Available in: viewer (comparison tool), Python/R (separability()), API.
7.3 Endmember Collections¶
A named, citable set of spectra convolved to a specific sensor. Created by any user, reviewed by chapter maintainers if they include chapter spectra.
Example: "SE US Invasive Woody Species — Sentinel-2 MSI" - Pyrus calleryana (3 upper-canopy spectra, averaged) - Lonicera maackii (3 upper-canopy spectra, averaged) - Elaeagnus umbellata (from community chapter) - 2 native hardwood endmembers (from USGS)
Export formats: - ENVI spectral library (.sli + .hdr) - CSV (sensor bands as columns) - speclib JSON - R-loadable RDS - QGIS-compatible CSV
Collections get their own DOI and citation record.
7.4 Seasonal / Phenological View¶
When multiple measurements of the same species exist across different dates, display a phenological curve showing spectral change over time. This is where the living collection pays off — over time, speclib accumulates temporal coverage that static libraries never will.
Requires: ≥3 measurements with dates for the same species. Renders as wavelength-vs-reflectance faceted by date, or band-index-vs-date time series.
8. Data Model Changes¶
8.1 Chapter Metadata¶
# data/chapters/ky-invasives/chapter.yaml
slug: ky-invasives
name: Kentucky Invasive Species
description: >
Field spectral measurements of invasive plant species in Kentucky
recreation areas. Leaf-level reflectance from CID CI-710 spectrometer.
maintainers:
- github: chrislyons-ky
name: Chris Lyons
orcid: "0000-0000-0000-0000"
review_policy:
required_fields: [binomial, instrument, collection_date, location, method]
auto_qc: true
license: CC-BY-4.0
doi: "10.xxxxx/speclib.ky-invasives"
citation: >
Lyons, W.C. et al. (2024). Kentucky Invasive Species Spectral Collection.

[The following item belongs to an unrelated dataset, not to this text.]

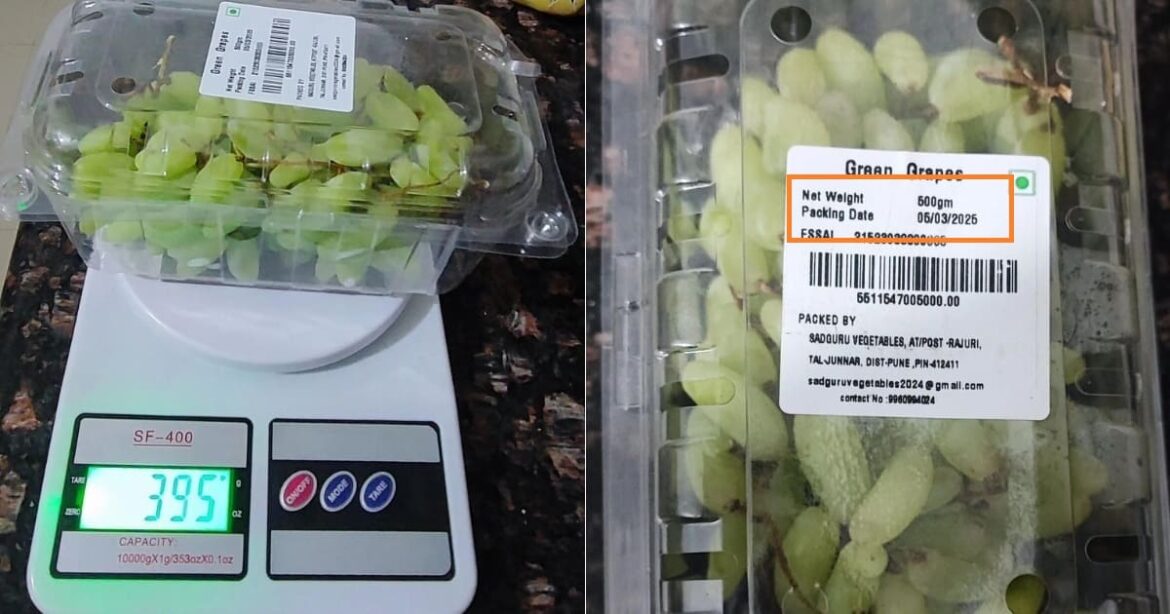 blinkit-ordered-grapes-weigh-less-than-advertised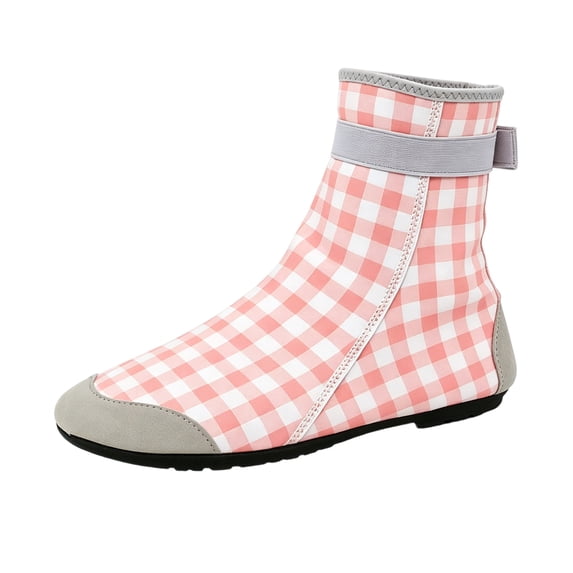 LTTVQM Long Water Shoes for Kids Cute Ankle Strap Barefoot Quick-Dry Beach Swim Aqua Socks for Yoga Surf Pool Slip on Casual Breathable Shoes Pink 1.5-2 Little Kid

speclib. https://doi.org/10.xxxxx/speclib.ky-invasives
8.2 Spectrum Metadata Extensions¶
New fields added to SampleMetadata:
# Contribution provenance
contributor: str # GitHub username
submission_date: date # When submitted
review_date: date | None # When accepted
doi: str | None # Spectrum-level DOI
chapter: str # Chapter slug
# Field context
collection_method: str # "leaf_clip", "contact_probe", "fov_nadir", etc.
field_photos: list[str] # URLs to associated photos
replicates: int # Number of measurement replicates
protocol_notes: str # Free-text sampling protocol
# Phenological context
phenophase: str | None # "full_leaf", "senescent", "dormant", etc.
growth_stage: str | None # "mature", "juvenile", "seedling"
8.3 Collection Model¶
@dataclass
class SpectralCollection:
name: str # "SE US Invasive Woody Species"
slug: str # URL-safe identifier
description: str
target_sensor: str # "sentinel-2", "landsat-9", etc.
spectra: list[CollectionMember] # References to spectra + averaging config
creator: str # GitHub username
doi: str | None
license: str
created: datetime
9. Architecture¶
┌──────────────────────────────────────────────────────┐
│ GitHub Pages (static) │
│ Viewer · Chapter pages · Methodology · Collections │
│ Pre-built JSON catalog + spectrum files │
└────────────────────────┬─────────────────────────────┘
│ reads static JSON
┌────────────────────────┴─────────────────────────────┐
│ FastAPI server (lightweight) │
│ Contribution intake · QC validation · PR creation │
│ Search / match / separability · Collection export │
│ Auth: GitHub OAuth (contributors + maintainers) │
│ Stateless — no database, reads Parquet + HDF5 │
└─────────┬────────────────────────┬───────────────────┘
│ │
creates PRs reads from
│ │
┌─────────┴──────────┐ ┌─────────┴───────────────────┐
│ GitHub repo │ │ Storage layer │
│ Chapter data │ │ HDF5 archive (truth) │
│ branches + CI │ │ → Parquet query layer │
│ Automated QC │ │ → Static JSON (for viewer) │
│ on PR │ │ → Zenodo (DOI metadata) │
└────────────────────┘ └─────────────────────────────┘
┌──────────────────────────────────────────────────────┐
│ PyPI package · CRAN package │
│ speclib.load() · search · resample · match · export │
│ Thin client over REST API + local disk cache │
└──────────────────────────────────────────────────────┘
9.1 Deployment¶
- Static site: GitHub Pages, rebuilt by CI on chapter branch merges
- FastAPI server: Single instance on Railway / Fly.io / similar (free/cheap tier)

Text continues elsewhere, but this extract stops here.